Tocanne et Santacruz ont osé. Et ils ont bien fait. Ils ont constitué une équipe et adopté un nom de code empreint de poésie : Over The Hills. Tout a commencé par une série de résidences, puis des concerts à l’automne 2014, dont l’un – celui de D’jazz Nevers Festival – a suscité l’enthousiasme de Carla Bley elle-même, mais aussi de son compagnon Steve Swallow, avec qui les neuf Français partageaient ce soir-là le plateau. Pouvait-on imaginer plus bel encouragement ?
Le concert de Bar-le-Duc ouvrait une série qu’on espère longue. « Enfin ! », a-t-on envie de dire - enfin une forte dose de musique brûlante, libre, festive, indomptée, qui a su rester fidèle à sa matrice sans pour autant lui coller aux notes de manière trop respectueuse ! Une relecture – c’est le mot employé par Bruno Tocanne lui-même – en forme d’immersion dans la folie architecturale aux couleurs surréalistes de Carla Bley et Paul Haynes, mais qui s’interdit l’idée de soumission.

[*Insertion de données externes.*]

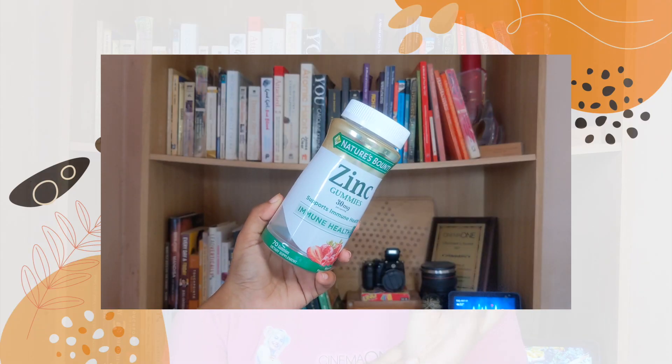Next I have this bottle of zinc gummies from Nature's Bounty. I really wanted to invest in zinc and I wanted gummies, so I got this one since I already use their multivitamin. I find that these gummies taste really good. This is my first time using it and I don't feel like I've seen any major differences yet, but I'm going to continue using it and maybe let you all know in another video if I notice any significance. If you want an affordable zinc vitamin in gummy form, definitely check out this brand.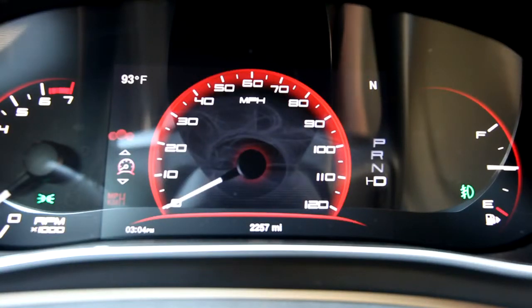This is Zach Bowen with AutoBlock.com and we are sitting in the 2013 Dodge Dart. This particular model is equipped with the new TFT display for the gauge cluster.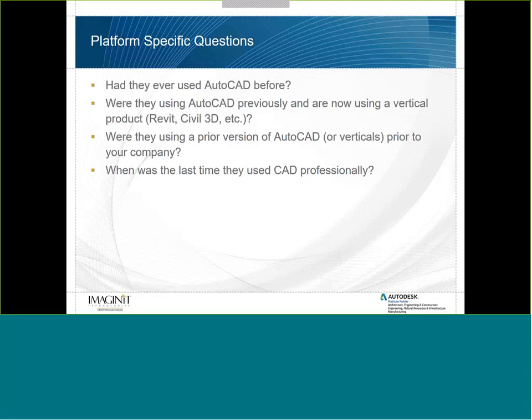The big question is: when was the last time they used CAD professionally? In some cases, you'll have college graduates in civil engineering or architecture who have done very little CAD work — maybe only a couple of CAD classes in college. It's important to know that so you understand where your baseline is.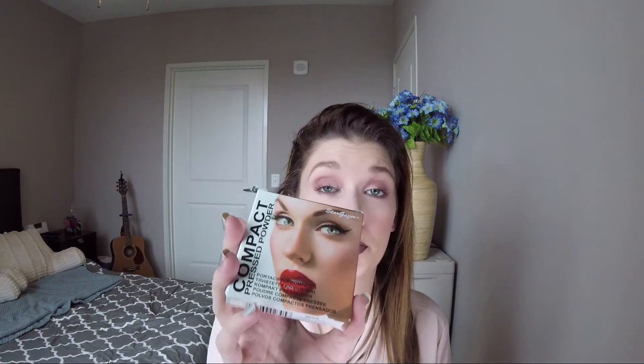I also picked up this because of Tayla — the Stargazer Compact Pressed Powder in the shade White, so just a plain white powder. I feel like I have the same problem she has where if I set my under eyes with certain powders, it takes some of the coverage away. So hopefully her recommendations will come in handy and help me up my Pale Princess game.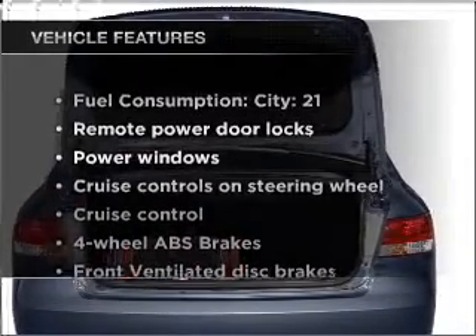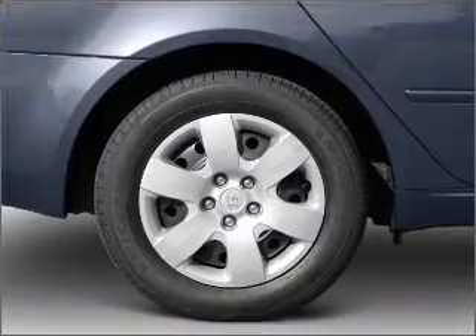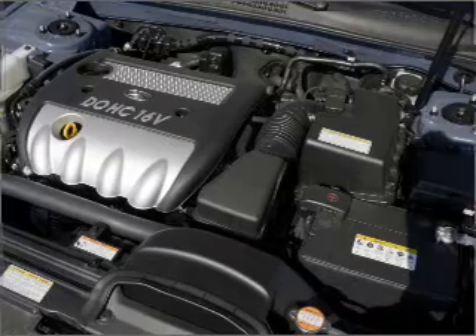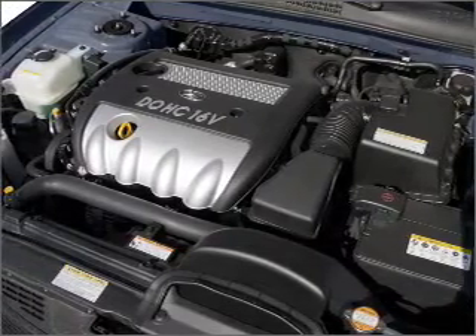And with these notable features, you won't want to miss out on the opportunity to own this amazing ride. Power door locks, power windows, power steering, cruise control, power mirrors, an alarm system, and an AM-FM stereo with an MP3 player.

Le groupe est soudé : au piano, Perrine Mansuy assure la stabilité, pour ne pas dire la sécurité, dans un environnement où la surprise guette à chaque instant. A la fois discrète et solide, elle trouve chez Bernard Santacruz un appui mélodique constant, à la contrebasse ou à la basse électrique. On est content de retrouver celle qui nous avait enchantés avec ses Vertigo Songs et qui sourit souvent aux incartades vocales et synthétiques de son autre voisin de scène, l’Helvète Antoine Läng. Ce dernier est plus qu’un chanteur - c’est un designer sonore aux vocalises zébrées d’effets multiples qu’il n’hésite pas à projeter autour de lui comme autant de petites sorcelleries ludiques. N’oublions pas l’importance du chant qui, dans Escalator Over The Hill, se répartissait entre plusieurs voix. Läng est une belle découverte, un artificier bondissant dont on reparlera. Plaisir aussi de retrouver Alain Blesing, ici dans une tonalité rock qui lui convient à merveille (les anciens n’ont pas oublié Eskaton et ses ardeurs zeuhl) : sa guitare est plus qu’électrique, elle est rageuse et croise le fer avec quatre soufflants volubiles. Ces drôles d’oiseaux ont pour nom Olivier Thémines (clarinettes), Jean Aussanaire (saxophones), Rémi Gaudillat (fidèle et lyrique à la trompette et au bugle) et Christophe Leloil (trompette), qui remplaçait ce soir-là Fred Roudet, autre compagnon de Tocanne, momentanément indisponible.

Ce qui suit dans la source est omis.